EXCERPTED DATA section start

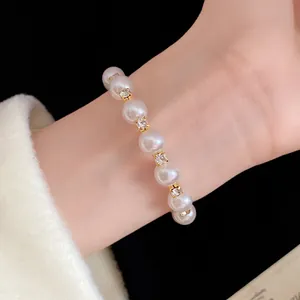 French vintage pearl bracelet with rhinestones worn on wrist, elegant gold jewelry
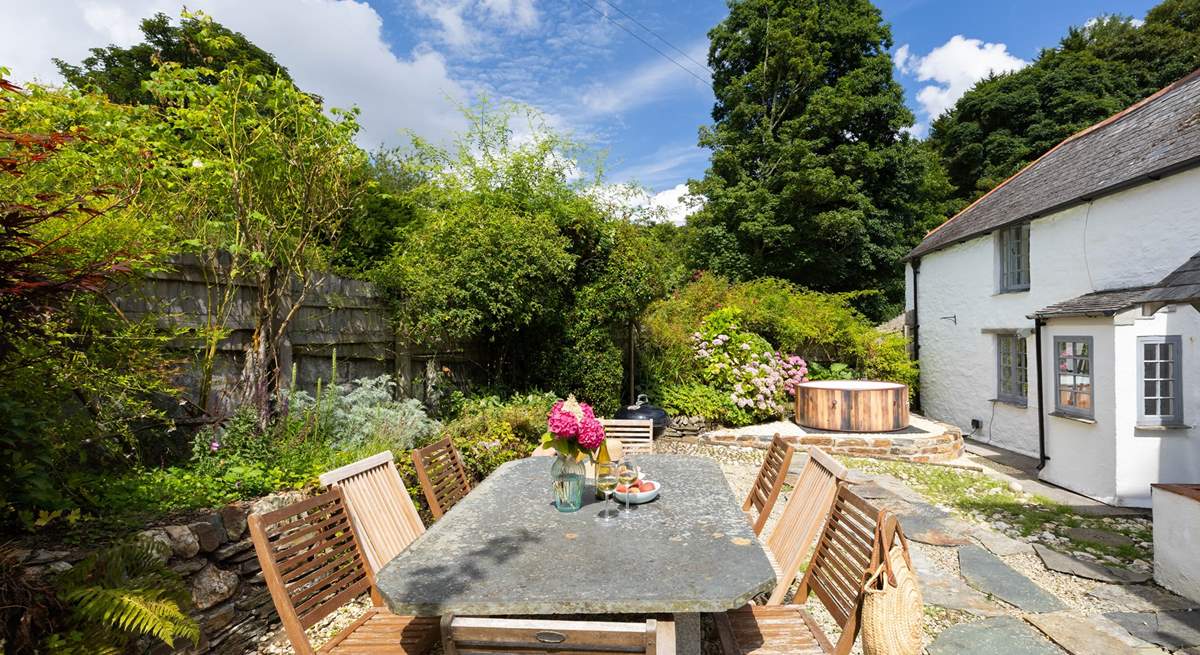 The sheltered sunny back garden. The hot tub can be hired by a separate company at an extra cost. 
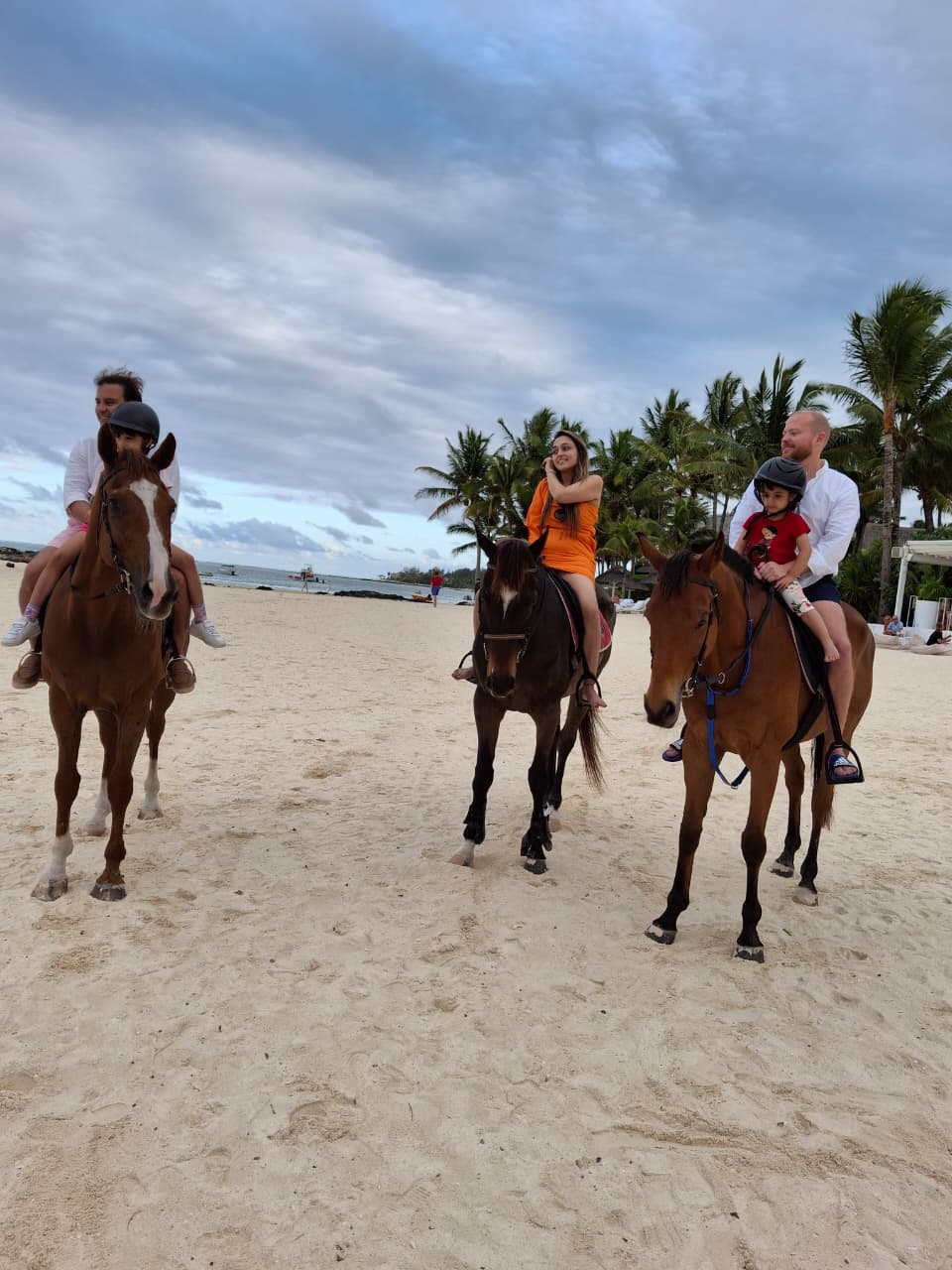 Guests including young children on horseback on a white sand beach
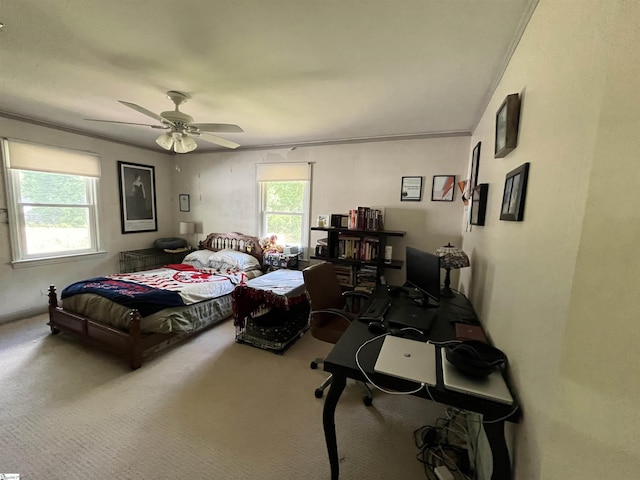 carpeted bedroom with ornamental molding and a ceiling fan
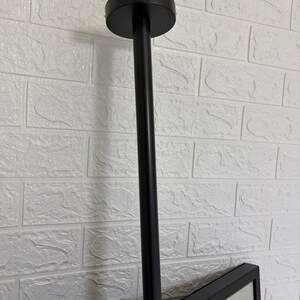May include: A matte black ceiling mount fixture featuring a cylindrical vertical rod attached to a circular base plate. The rod connects to a rectangular frame, providing a sturdy support structure for a mirror or display panel in a vertical orientation.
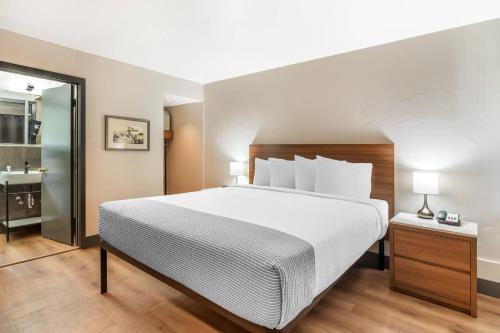 a bedroom with a large bed and a bathroom at La Luna Inn, an Ascend Collection Hotel in San Francisco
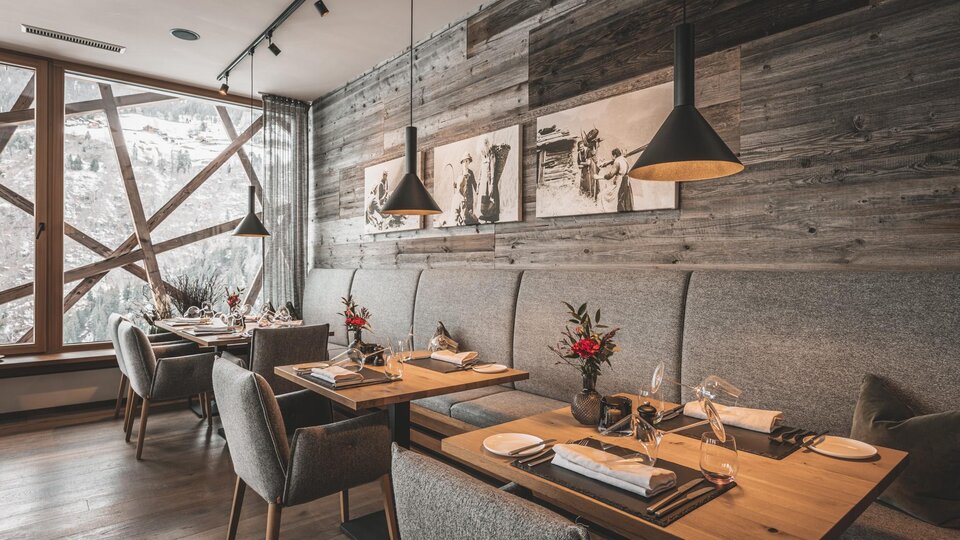 An elegant restaurant with wooden walls and cozy tables. The atmosphere is warm and inviting, with beautiful decorations on the tables.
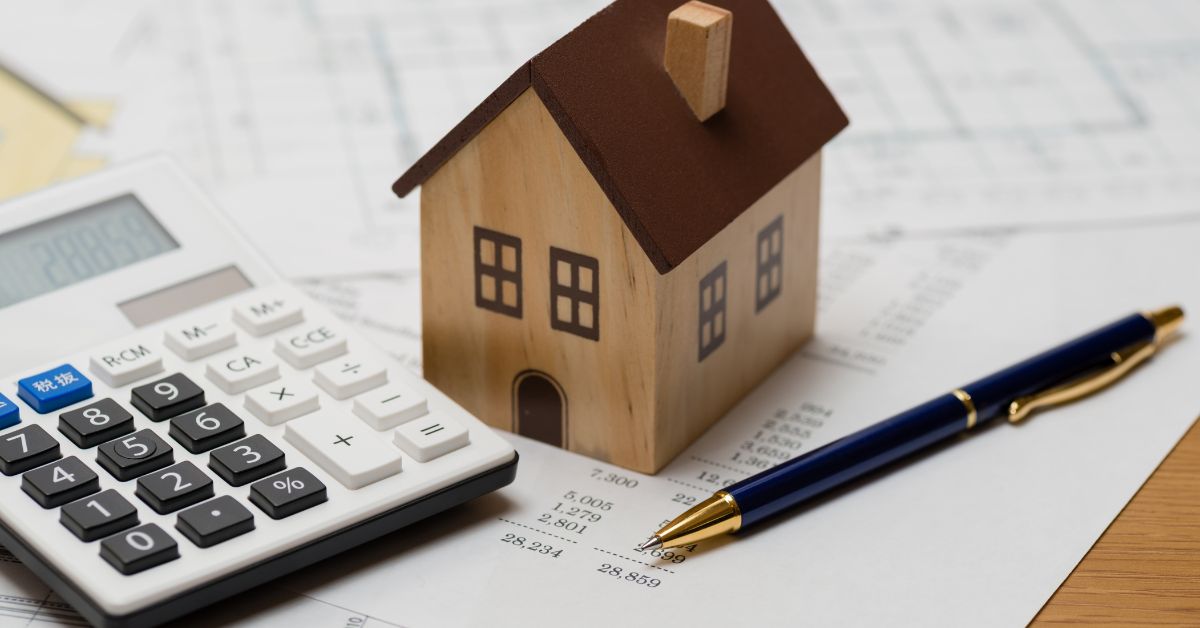 A wooden toy house with a calculator, paper and a pen around it which were used to compute the cost to build a house in Austin.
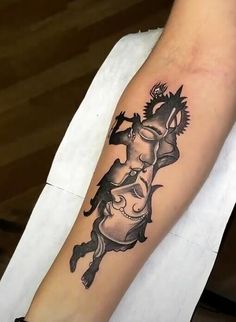 a woman's arm with a tattoo on it that has an image of a man riding a horse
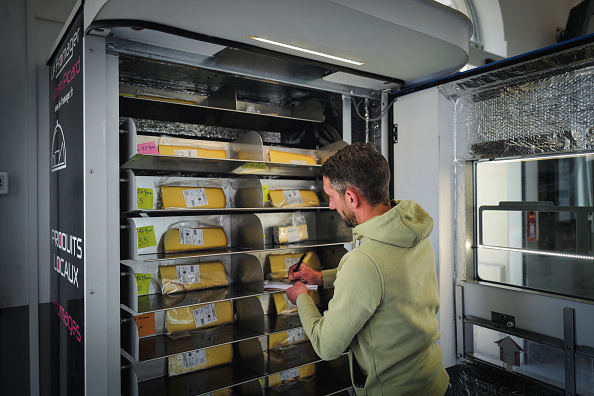 Le fromager Fabien Picard remplit son distributeur de fromage à la gare de Bourg en Bresse. (OLIVIER CHASSIGNOLE/AFP via Getty Images)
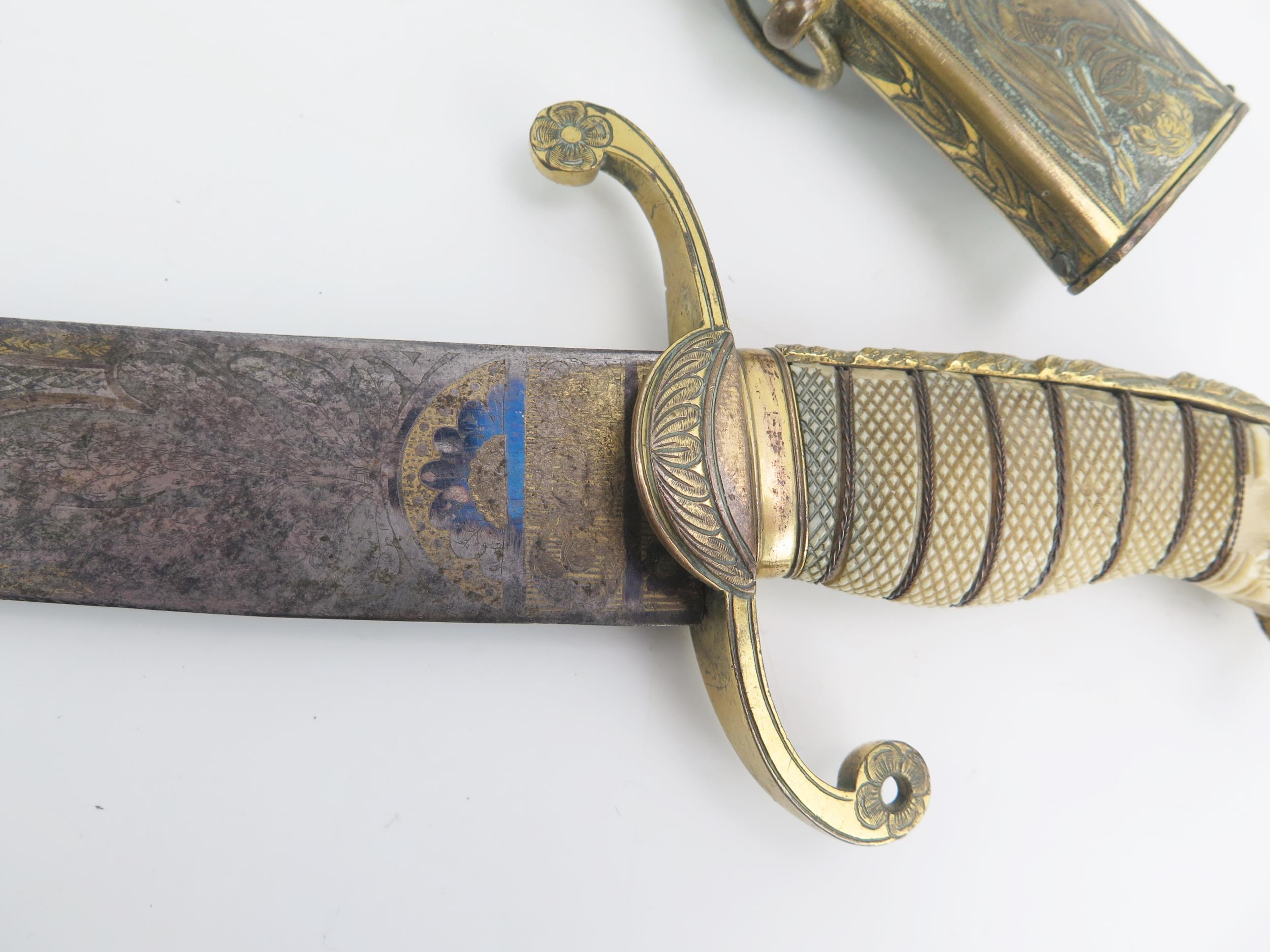 An early 19th century continental cutlass, with 44cm curved and etched blade, with gilt brass - Image 15 of 15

EXCERPTED DATA section end

When you reach the line containing "carpeted bedroom with" in the entries above, begin restating word for word, and stop once the line containing "a bedroom with" has been given. Omit the pictures.

**ANSWER FOR THIS EXERCISE:**
 carpeted bedroom with ornamental molding and a ceiling fan
May include: A matte black ceiling mount fixture featuring a cylindrical vertical rod attached to a circular base plate. The rod connects to a rectangular frame, providing a sturdy support structure for a mirror or display panel in a vertical orientation.
 a bedroom with a large bed and a bathroom at La Luna Inn, an Ascend Collection Hotel in San Francisco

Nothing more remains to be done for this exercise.